Recensioni: “Le cose di prima” di Giuseppe Aloe

Il protagonista di Le cose di prima, l’ultimo romanzo di Giuseppe Aloe, intraprende un viaggio catartico che lo riporta alla sua adolescenza spezzata, stuprata e sfiorita d’improvviso.

“Leggere è andare incontro a qualcosa che sta per essere e ancora nessuno sa cosa sarà.”

Forse anche con la scrittura funziona allo stesso modo. E come in bilico tra sonno e ragione o nel pieno del sonno della ragione – che lo sappiamo – genera mostri, ogni ombra è ingannevole, soprattutto quando si decide di intraprendere un cammino a ritroso, che porterà inevitabilmente a un punto di rottura.  E sappiamo anche che la fine coincide, forse necessariamente, con un inizio.

Questo è il viaggio che ci regala Giuseppe Aloe, con la sua scrittura elegante e pacata, nel suo ultimo romanzo Le cose di prima, edito Rubbettino.

L’adolescenza spezzata nel romanzo di Giuseppe Aloe

Il viaggio che il narratore, oggi professore quarantenne, compie è un viaggio catartico che lo riporta ai suoi tredici anni, alla sua adolescenza; un’adolescenza spezzata, stuprata, che sfiorisce all’improvviso senza alcuna avvisaglia.
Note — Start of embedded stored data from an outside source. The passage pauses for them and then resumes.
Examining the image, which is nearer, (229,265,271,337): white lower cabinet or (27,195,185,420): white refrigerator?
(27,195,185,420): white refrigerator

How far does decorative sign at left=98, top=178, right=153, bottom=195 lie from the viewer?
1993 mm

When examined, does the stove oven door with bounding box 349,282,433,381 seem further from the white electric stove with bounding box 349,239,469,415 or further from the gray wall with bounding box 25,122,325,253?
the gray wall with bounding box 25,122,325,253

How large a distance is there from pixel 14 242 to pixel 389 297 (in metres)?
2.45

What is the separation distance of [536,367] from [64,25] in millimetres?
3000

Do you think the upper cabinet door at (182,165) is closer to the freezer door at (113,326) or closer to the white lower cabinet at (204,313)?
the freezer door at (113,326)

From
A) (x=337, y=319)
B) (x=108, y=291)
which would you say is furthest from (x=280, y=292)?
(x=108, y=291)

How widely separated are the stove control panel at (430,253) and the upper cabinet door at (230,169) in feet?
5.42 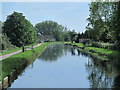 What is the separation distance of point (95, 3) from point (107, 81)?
3437 centimetres

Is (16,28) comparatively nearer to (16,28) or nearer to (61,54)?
(16,28)

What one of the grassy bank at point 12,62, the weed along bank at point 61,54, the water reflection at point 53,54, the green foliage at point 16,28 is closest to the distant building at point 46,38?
the weed along bank at point 61,54

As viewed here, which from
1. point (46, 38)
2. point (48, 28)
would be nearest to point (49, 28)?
point (48, 28)

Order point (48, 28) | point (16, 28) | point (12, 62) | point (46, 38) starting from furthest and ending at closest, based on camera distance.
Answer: point (48, 28) → point (46, 38) → point (16, 28) → point (12, 62)

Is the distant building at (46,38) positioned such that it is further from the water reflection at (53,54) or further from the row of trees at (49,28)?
the water reflection at (53,54)

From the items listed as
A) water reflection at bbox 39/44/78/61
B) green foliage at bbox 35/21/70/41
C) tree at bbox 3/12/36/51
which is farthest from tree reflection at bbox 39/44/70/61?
green foliage at bbox 35/21/70/41

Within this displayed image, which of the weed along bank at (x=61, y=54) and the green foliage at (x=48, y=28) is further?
the green foliage at (x=48, y=28)

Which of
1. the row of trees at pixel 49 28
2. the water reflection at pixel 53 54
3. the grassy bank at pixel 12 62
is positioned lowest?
the water reflection at pixel 53 54

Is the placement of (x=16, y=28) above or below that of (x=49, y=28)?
below

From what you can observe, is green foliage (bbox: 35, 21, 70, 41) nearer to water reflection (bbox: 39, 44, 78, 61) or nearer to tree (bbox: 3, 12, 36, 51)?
tree (bbox: 3, 12, 36, 51)

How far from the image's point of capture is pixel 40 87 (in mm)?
10500

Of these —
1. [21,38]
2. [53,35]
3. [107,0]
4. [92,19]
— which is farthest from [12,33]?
[53,35]

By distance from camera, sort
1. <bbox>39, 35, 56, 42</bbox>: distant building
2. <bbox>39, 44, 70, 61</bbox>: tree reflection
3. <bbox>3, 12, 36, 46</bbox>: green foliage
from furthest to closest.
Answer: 1. <bbox>39, 35, 56, 42</bbox>: distant building
2. <bbox>3, 12, 36, 46</bbox>: green foliage
3. <bbox>39, 44, 70, 61</bbox>: tree reflection

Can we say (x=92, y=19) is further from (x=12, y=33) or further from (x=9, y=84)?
(x=9, y=84) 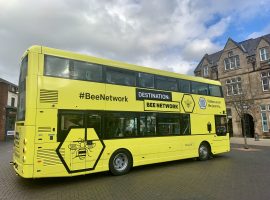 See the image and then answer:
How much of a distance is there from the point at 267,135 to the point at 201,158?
1980 cm

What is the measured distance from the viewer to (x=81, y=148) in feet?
25.8

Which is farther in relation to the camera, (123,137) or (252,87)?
(252,87)

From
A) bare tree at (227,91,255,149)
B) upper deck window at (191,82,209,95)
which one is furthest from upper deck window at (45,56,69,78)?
bare tree at (227,91,255,149)

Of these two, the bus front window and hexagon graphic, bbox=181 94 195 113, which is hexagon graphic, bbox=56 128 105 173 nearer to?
the bus front window

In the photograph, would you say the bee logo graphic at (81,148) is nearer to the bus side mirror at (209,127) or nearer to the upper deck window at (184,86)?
the upper deck window at (184,86)

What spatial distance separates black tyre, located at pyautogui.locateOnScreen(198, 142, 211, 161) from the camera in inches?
485

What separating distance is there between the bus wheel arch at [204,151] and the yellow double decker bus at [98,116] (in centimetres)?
→ 8

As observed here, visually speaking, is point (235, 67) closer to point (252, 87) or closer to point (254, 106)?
point (252, 87)

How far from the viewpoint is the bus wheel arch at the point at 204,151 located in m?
12.3

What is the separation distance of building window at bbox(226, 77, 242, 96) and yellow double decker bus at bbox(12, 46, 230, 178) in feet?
71.9

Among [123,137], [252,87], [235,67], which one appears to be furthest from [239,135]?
[123,137]

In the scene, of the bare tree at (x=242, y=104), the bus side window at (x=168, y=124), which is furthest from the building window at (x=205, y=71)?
the bus side window at (x=168, y=124)

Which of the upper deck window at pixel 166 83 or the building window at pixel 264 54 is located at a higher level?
the building window at pixel 264 54

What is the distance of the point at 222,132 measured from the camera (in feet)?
44.7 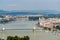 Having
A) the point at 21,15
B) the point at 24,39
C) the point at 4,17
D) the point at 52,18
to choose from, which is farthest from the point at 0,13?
the point at 24,39

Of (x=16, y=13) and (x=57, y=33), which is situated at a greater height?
(x=16, y=13)

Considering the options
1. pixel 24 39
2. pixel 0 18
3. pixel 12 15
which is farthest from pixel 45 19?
pixel 24 39

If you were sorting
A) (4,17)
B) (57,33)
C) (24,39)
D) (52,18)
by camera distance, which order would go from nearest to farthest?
(24,39) < (57,33) < (4,17) < (52,18)

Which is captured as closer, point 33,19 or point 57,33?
point 57,33

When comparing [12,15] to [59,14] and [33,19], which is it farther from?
[59,14]

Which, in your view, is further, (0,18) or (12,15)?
(12,15)

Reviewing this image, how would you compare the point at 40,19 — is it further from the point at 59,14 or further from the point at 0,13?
the point at 0,13

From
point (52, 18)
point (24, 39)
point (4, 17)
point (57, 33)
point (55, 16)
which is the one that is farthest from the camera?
point (52, 18)

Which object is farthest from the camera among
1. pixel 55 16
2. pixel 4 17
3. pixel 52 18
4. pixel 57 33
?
pixel 52 18

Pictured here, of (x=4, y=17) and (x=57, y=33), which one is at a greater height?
(x=4, y=17) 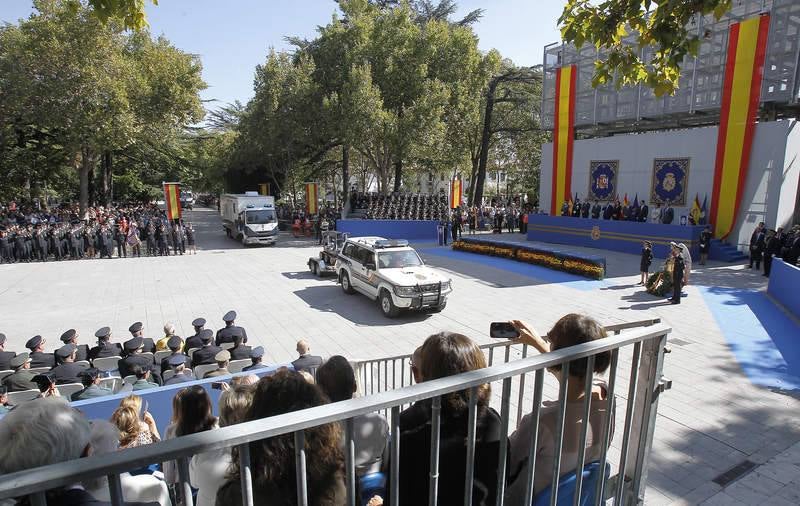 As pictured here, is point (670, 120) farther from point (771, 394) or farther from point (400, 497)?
point (400, 497)

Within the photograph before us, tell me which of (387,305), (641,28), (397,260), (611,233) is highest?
(641,28)

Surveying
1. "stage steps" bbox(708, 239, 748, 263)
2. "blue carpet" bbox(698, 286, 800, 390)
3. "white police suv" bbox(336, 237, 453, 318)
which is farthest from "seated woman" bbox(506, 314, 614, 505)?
"stage steps" bbox(708, 239, 748, 263)

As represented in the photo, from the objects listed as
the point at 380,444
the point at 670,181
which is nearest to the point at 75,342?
the point at 380,444

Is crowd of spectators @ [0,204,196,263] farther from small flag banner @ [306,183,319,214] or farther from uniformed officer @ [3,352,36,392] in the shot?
uniformed officer @ [3,352,36,392]

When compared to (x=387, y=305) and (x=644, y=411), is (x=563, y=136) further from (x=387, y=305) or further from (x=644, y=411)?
(x=644, y=411)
Un nodo che non gli consente di essere libero e che deve necessariamente sciogliere. E lo fa così come faceva suo padre, avido lettori di romanzi francesi e russi: scrivendo una storia.

È la storia di Martin e della sua famiglia, degli abusi subiti dal ragazzo e da suo padre per mano della madre, che incolpa marito e figlio di “essere la sua morte”, di averle tarpato le ali; ché se ogni famiglia infelice è infelice a modo suo, non avete idea della follia, della esasperazione e del tormento a cui va incontro questa, di famiglia, nello spalancare le porte della casa, finora un nido, un rifugio, a Grebic, all’amante della madre. I quattro convivono malamente sotto lo stesso tetto e il ragazzo si danna, non riesce a capire come sia possibile soprattutto per il padre subire una serie aberrante di umiliazioni senza che in egli si scateni una reazione; un padre che finisce addirittura segregato in casa. Eppure, nessuno prende in considerazione una soluzione logica.
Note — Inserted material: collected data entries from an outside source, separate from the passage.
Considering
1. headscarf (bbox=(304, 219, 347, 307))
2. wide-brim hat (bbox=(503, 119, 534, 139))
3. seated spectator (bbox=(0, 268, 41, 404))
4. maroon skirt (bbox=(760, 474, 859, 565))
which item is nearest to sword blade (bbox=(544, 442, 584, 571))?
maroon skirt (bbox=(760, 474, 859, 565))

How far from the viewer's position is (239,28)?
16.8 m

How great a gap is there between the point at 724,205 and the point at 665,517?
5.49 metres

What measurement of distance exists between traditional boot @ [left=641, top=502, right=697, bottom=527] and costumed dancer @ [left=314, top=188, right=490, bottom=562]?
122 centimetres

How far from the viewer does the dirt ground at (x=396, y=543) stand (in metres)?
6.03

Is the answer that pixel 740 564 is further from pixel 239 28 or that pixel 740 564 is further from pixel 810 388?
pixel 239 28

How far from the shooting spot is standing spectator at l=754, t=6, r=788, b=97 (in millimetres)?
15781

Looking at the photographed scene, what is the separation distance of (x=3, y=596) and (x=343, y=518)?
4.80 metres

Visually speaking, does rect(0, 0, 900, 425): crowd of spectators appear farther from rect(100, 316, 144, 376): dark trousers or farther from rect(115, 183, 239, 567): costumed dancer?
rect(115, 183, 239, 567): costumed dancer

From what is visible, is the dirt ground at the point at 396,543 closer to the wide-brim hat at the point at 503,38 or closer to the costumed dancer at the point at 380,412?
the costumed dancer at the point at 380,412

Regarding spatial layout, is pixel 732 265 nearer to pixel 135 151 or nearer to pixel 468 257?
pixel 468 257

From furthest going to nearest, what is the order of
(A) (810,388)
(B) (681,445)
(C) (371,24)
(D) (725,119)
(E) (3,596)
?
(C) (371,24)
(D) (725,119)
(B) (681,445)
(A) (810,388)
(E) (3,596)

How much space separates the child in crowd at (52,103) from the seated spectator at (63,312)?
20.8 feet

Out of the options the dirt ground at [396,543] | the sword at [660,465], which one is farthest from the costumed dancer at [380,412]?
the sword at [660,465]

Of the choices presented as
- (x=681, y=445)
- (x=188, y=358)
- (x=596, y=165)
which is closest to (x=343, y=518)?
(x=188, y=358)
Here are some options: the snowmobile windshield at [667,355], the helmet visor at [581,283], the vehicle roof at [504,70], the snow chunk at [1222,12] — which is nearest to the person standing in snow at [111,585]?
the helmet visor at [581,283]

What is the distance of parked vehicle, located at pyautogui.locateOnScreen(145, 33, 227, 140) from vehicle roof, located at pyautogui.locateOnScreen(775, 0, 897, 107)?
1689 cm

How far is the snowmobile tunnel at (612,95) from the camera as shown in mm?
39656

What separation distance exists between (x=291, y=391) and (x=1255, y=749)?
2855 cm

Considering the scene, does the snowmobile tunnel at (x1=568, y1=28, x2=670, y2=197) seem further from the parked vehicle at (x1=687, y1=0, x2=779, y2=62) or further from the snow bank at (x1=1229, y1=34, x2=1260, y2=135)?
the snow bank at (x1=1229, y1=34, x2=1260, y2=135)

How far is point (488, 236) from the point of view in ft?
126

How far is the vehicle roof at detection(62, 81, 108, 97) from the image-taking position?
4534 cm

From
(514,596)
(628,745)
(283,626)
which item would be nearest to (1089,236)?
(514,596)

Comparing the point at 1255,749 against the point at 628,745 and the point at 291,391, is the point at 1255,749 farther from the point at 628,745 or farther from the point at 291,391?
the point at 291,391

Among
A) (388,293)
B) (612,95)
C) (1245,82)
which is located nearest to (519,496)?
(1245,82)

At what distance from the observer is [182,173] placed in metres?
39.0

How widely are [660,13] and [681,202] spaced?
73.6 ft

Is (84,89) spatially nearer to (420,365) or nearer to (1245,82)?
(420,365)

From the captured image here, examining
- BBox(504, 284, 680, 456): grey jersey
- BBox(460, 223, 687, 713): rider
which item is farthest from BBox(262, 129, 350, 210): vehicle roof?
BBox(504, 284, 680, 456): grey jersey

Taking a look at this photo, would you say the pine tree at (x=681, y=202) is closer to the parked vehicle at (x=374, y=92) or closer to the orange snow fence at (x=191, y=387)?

Un uomo sottomesso e dimesso

Ma tant’è. Il padre è sottomesso ai suoi aguzzini, quasi come se fosse colpevole di qualcosa, quasi come se fosse lui quello “sbagliato”.  Martin, che già attraversa il mare agitato della adolescenza, è traumatizzato da quella che è la sua nuova vita, fortunatamente trova rifugio e conforto da un vicino di casa, Reinard, che lo sosterrà e lo aiuterà regalandogli sprazzi di una normalità che la sua famiglia ha ormai irrimediabilmente perduto. La storia prenderà pian piano le caratteristiche di una vera e propria tragedia.
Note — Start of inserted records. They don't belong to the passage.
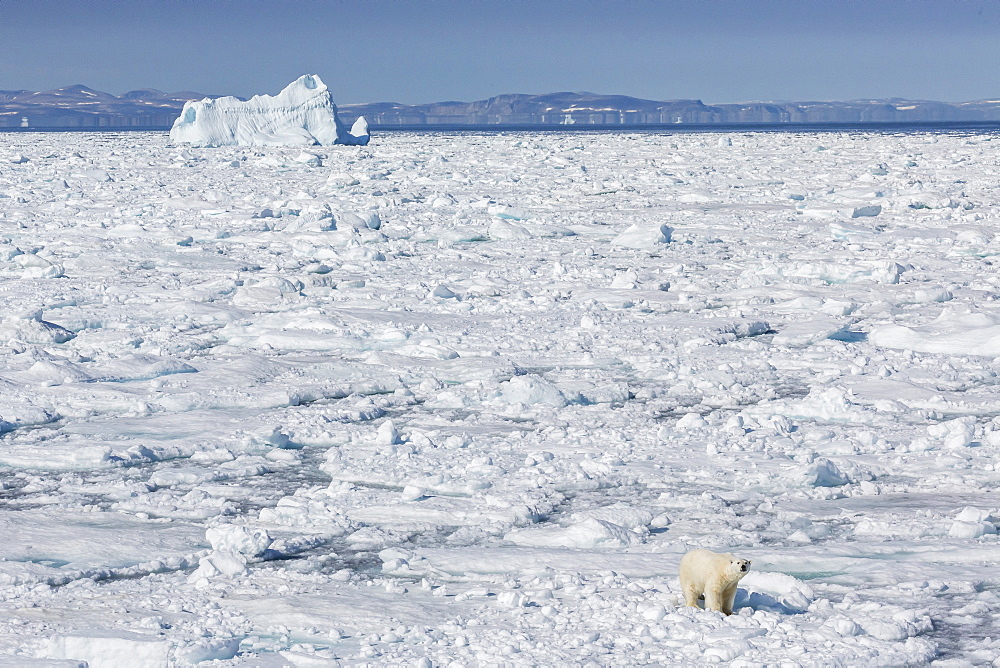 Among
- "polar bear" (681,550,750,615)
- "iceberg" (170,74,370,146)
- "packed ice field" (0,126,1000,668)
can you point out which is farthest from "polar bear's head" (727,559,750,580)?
"iceberg" (170,74,370,146)

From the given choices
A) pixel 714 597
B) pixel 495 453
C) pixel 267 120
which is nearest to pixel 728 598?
pixel 714 597

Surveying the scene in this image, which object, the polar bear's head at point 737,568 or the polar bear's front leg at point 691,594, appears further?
the polar bear's front leg at point 691,594

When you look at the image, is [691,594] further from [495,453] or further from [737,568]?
[495,453]

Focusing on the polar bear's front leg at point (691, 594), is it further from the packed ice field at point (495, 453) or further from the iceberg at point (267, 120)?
the iceberg at point (267, 120)

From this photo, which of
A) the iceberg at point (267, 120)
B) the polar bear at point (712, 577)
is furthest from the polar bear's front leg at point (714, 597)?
the iceberg at point (267, 120)

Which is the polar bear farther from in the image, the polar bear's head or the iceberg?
the iceberg

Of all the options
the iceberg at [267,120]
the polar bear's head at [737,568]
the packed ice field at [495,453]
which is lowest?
the packed ice field at [495,453]

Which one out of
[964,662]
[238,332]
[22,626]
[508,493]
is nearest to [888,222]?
[238,332] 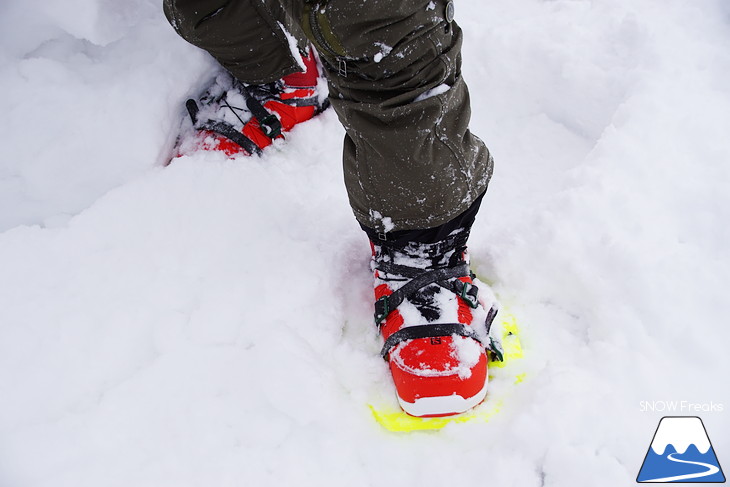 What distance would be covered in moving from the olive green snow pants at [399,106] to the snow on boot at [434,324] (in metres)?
0.15

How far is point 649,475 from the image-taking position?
3.23 ft

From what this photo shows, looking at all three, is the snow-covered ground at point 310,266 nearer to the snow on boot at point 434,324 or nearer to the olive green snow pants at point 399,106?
the snow on boot at point 434,324

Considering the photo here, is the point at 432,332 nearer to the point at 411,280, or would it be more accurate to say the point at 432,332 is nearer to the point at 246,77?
the point at 411,280

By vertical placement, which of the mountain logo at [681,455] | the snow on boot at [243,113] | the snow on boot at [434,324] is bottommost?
the mountain logo at [681,455]

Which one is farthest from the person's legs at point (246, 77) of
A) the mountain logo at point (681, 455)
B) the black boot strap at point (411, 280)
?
the mountain logo at point (681, 455)

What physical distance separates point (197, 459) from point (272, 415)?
0.55 feet

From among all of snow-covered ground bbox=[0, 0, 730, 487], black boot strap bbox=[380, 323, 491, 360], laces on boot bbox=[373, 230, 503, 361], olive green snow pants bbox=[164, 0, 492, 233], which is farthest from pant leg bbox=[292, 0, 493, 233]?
snow-covered ground bbox=[0, 0, 730, 487]

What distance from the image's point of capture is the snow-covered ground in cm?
105

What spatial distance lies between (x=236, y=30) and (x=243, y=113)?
281 mm

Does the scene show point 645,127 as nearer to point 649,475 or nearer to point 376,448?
point 649,475

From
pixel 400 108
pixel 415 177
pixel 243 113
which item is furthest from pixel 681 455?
pixel 243 113

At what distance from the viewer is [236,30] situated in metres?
1.42

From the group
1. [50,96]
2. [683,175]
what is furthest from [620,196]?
[50,96]

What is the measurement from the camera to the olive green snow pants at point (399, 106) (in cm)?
84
Intanto l’ormai adulto Martin, alle prese con i suoi fantasmi, con le stanze vuote dove sono seppellite “le cose di prima” inizia a frequentare un’insegnante di storia dell’arte, una donna allegra e intelligente che cerca di spazzare via le tenebre che ha nascosto nel suo cuore. Effettivamente Annette riesce a riportare la luce nella sua vita e lui stesso ne prende coscienza quando, Janette, la mantide religiosa che sostava a guardia nel suo balcone e che gli teneva compagnia nelle sue notti solitarie e malinconiche, va via.

Un epilogo drammatico

È in quel momento che capisce che non ha più bisogno di protezioni, che può finalmente lasciarsi andare, abbandonarsi a un amore che non ha mai conosciuto nella sua vita se non da bambino, ma forse anche quello era finzione. Insieme ad Annette, Martin arriverà a scrivere il tragico epilogo del suo libro; un libro che racconta non solo i fatti accaduti, ma soprattutto la follia, le terribili paure di ieri, vissute da un bambino, con le parole dell’uomo di oggi.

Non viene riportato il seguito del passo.